I think the below code is what you're actually looking for... I think the compiler ends up translating it into the equivalent of the map code Rex gave, but is closer to the syntax of your original example:
scala> def doIt(i:Int, j:Int) = { println(i + ","+j); (i,j); }
doIt: (i: Int, j: Int)(Int, Int)
scala> def x = for( i <- (1 to 5).iterator;
j <- (1 to 5).iterator ) yield doIt(i,j)
x: Iterator[(Int, Int)]
scala> x.foreach(print)
1,1
(1,1)1,2
(1,2)1,3
(1,3)1,4
(1,4)1,5
(1,5)2,1
(2,1)2,2
(2,2)2,3
(2,3)2,4
(2,4)2,5
(2,5)3,1
(3,1)3,2
(3,2)3,3
(3,3)3,4
(3,4)3,5
(3,5)4,1
(4,1)4,2
(4,2)4,3
(4,3)4,4
(4,4)4,5
(4,5)5,1
(5,1)5,2
(5,2)5,3
(5,3)5,4
(5,4)5,5
(5,5)
scala>
You can see from the output that the print in "doIt" isn't called until the next value of x is iterated over, and this style of for generator is a bit simpler to read/write than a bunch of nested maps.
Turn the problem upside down.

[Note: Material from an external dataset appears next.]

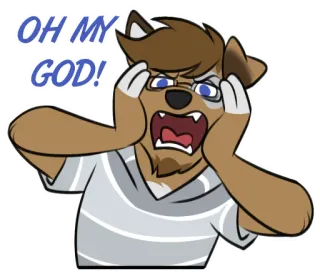 😱 cabe65f2 OH MY GOD! Szok, Zaskoczenie, Wykrzyknik, Futrzak, Kreskówka, Wyraz, Emocje, O mój Boże telegram sticker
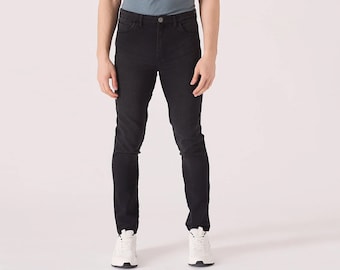 Black Stretch Skinny Jeans: Straight Leg Casual Men's Pants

Pass "do" in as a closure. That's the entire point of using a functional language
Iterator.zip will do it:
iterator1.zip(iterator2).zip(iterator3).map(tuple => doSomething(tuple))
Just read the 20 or so first related links that are show on the side (and, indeed, where shown to you when you first wrote the title of your question).